To the completeness or integrity of the design nothing can be objected; it has distinctly and clearly what Aristotle requires—a beginning, a middle, and an end. There is perhaps no poem, of the same length, from which so little can be taken without apparent mutilation. Here are no funeral games, nor is there any long description of a shield. The short digressions at the beginning of the third, seventh, and ninth books, might doubtless be spared, but superfluities so beautiful who would take away? or who does not wish that the author of the “Iliad” had gratified succeeding ages with a little knowledge of himself? Perhaps no passages are more attentively read than those extrinsic paragraphs; and, since the end of poetry is pleasure, that cannot be unpoetical with which all are pleased.
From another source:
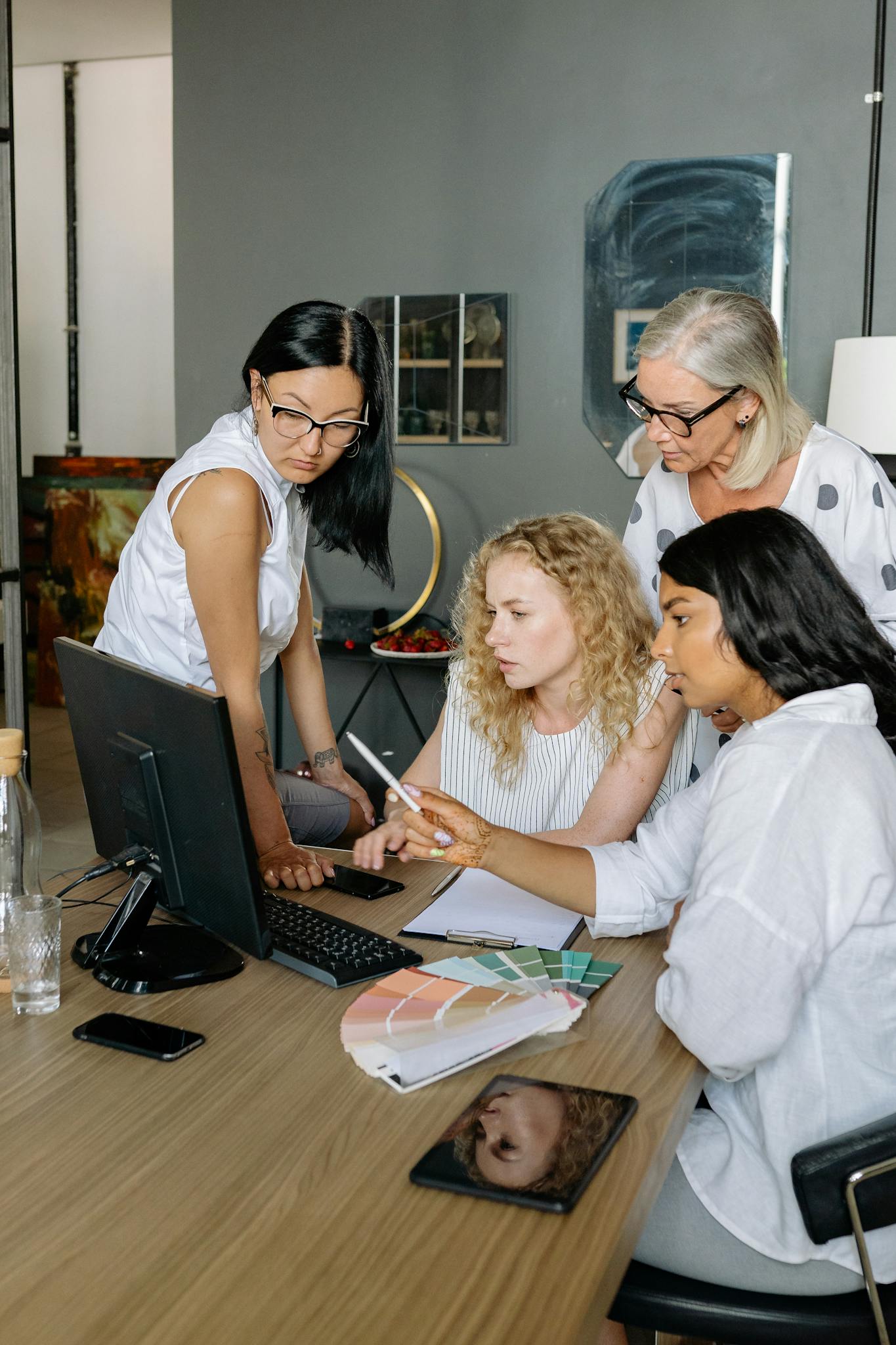 Four businesswomen collaborating over a computer in a modern office, showcasing teamwork and diversity.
The questions, whether the action of the poem be strictly one, whether the poem can be properly termed heroic, and who is the hero, are raised by such readers as draw their principles of judgment rather from books than from reason. Milton, though he entitled “Paradise Lost” only a “poem,” yet calls it himself “heroic song.” Dryden petulantly and indecently denies the heroism of Adam, because he was overcome; but there is no reason why the hero should not be unfortunate, except established practice, since success and virtue do not go necessarily together. Cato is the hero of Lucan; but Lucan’s authority will not be suffered by Quintilian to decide. However, if success be necessary, Adam’s deceiver was at last crushed; Adam was restored to his Maker’s favour, and therefore may securely resume his human rank.

After the scheme and fabric of the poem, must be considered its component parts, the sentiments and the diction.

The sentiments, as expressive of manners, or appropriated to characters, are, for the greater part, unexceptionably just.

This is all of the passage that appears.